What you need to do ▸ Restate word for word the lines of the entries below, starting with the line that holds "3301 Behrend Dr, Phoenix" and ending with the line that holds "MERCEDES SPRINTER 2006-2018", and no others.

====== Dataset excerpts

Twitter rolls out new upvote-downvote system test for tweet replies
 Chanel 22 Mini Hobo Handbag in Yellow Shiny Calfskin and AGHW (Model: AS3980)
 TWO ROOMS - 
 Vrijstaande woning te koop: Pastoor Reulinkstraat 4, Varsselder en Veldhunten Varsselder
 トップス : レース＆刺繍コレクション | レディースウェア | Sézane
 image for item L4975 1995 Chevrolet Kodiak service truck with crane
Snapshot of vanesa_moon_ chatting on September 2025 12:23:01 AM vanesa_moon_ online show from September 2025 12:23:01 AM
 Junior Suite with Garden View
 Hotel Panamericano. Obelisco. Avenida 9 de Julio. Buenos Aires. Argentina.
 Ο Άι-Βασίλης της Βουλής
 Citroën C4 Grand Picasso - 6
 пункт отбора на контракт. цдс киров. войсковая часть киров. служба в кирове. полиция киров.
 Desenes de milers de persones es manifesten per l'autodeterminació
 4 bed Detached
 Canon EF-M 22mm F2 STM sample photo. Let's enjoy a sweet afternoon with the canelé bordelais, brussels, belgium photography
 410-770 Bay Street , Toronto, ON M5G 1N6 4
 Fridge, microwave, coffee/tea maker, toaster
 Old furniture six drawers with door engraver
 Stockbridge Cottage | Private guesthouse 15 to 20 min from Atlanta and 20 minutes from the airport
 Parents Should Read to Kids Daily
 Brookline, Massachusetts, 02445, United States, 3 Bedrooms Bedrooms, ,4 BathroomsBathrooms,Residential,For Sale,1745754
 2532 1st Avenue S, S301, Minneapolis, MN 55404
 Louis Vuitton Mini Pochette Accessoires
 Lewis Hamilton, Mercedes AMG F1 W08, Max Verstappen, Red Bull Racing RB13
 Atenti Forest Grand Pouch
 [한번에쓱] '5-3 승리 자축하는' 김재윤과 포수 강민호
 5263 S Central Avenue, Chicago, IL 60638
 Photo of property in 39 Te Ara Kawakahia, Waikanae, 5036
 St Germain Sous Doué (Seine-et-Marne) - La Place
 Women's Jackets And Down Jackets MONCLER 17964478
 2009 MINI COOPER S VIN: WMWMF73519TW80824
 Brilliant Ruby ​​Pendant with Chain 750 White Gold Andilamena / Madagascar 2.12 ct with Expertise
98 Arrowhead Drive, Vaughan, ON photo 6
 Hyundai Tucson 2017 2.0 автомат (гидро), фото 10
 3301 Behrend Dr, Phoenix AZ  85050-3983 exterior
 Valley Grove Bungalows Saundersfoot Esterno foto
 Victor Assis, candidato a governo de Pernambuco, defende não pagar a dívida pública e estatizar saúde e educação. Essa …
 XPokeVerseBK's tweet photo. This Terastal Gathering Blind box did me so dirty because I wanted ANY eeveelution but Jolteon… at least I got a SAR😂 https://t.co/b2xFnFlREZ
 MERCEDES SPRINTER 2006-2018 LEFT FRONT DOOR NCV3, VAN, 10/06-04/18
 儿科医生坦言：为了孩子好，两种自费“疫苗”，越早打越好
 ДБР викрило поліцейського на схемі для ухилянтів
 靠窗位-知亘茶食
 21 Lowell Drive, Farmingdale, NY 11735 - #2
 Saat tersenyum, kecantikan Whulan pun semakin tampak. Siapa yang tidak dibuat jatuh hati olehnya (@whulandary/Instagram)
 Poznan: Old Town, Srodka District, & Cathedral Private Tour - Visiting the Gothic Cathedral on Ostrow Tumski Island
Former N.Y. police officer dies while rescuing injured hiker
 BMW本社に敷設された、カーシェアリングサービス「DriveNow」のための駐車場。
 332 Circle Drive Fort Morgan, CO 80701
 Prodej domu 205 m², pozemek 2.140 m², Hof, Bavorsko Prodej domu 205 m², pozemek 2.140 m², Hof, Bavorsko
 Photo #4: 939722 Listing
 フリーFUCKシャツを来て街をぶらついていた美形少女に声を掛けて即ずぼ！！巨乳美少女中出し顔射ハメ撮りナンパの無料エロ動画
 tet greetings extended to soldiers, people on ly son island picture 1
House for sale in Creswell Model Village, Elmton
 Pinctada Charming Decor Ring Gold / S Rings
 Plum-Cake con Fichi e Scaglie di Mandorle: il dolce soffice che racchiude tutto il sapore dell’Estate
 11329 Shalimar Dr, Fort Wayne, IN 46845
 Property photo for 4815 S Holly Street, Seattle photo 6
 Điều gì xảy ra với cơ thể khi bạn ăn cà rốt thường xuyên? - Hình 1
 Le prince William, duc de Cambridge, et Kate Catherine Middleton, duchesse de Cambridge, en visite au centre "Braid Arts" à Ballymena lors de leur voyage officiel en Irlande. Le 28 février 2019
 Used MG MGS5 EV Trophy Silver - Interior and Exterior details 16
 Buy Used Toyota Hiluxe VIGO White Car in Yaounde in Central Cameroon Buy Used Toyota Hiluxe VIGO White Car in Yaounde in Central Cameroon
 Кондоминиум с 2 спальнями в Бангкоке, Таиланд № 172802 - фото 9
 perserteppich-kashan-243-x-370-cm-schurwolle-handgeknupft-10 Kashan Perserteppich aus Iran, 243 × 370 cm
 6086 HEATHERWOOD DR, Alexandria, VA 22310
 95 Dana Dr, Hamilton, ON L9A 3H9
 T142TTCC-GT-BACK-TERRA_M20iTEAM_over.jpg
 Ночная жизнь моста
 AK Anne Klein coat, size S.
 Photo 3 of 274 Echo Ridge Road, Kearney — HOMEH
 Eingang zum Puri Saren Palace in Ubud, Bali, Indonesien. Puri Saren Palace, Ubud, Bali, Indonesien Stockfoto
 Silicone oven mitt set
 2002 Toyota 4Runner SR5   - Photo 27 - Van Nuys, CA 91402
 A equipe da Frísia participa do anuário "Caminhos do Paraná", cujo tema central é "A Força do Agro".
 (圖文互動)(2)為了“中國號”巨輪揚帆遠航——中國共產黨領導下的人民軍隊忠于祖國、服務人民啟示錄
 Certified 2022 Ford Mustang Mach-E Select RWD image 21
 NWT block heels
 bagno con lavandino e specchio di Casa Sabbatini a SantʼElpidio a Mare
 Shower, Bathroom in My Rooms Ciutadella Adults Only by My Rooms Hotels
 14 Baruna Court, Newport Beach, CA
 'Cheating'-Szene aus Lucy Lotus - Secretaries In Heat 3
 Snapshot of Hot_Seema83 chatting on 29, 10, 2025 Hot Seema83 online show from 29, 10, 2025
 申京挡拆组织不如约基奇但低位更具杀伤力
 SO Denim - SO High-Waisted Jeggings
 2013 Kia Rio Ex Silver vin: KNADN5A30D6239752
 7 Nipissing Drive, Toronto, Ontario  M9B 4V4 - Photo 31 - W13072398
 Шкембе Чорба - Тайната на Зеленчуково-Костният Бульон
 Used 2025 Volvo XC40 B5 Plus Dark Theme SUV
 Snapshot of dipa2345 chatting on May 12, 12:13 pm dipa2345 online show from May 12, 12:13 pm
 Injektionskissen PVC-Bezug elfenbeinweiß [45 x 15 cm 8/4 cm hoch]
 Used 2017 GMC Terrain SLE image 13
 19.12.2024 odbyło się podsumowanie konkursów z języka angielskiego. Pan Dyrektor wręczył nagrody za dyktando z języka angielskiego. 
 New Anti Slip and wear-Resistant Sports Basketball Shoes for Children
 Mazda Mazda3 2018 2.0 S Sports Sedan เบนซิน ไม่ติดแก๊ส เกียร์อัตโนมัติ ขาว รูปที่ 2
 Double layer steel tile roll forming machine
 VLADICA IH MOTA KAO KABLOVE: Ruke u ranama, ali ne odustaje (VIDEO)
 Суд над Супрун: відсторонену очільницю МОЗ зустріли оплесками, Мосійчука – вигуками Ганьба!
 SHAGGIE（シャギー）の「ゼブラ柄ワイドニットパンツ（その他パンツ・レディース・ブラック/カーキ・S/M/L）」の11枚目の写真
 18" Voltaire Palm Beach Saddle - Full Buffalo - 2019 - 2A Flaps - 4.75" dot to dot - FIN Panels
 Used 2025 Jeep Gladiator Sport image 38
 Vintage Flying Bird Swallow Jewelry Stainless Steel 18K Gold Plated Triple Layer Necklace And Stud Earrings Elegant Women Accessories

============

Answer for the task ▸
 3301 Behrend Dr, Phoenix AZ  85050-3983 exterior
 Valley Grove Bungalows Saundersfoot Esterno foto
 Victor Assis, candidato a governo de Pernambuco, defende não pagar a dívida pública e estatizar saúde e educação. Essa …
 XPokeVerseBK's tweet photo. This Terastal Gathering Blind box did me so dirty because I wanted ANY eeveelution but Jolteon… at least I got a SAR😂 https://t.co/b2xFnFlREZ
 MERCEDES SPRINTER 2006-2018 LEFT FRONT DOOR NCV3, VAN, 10/06-04/18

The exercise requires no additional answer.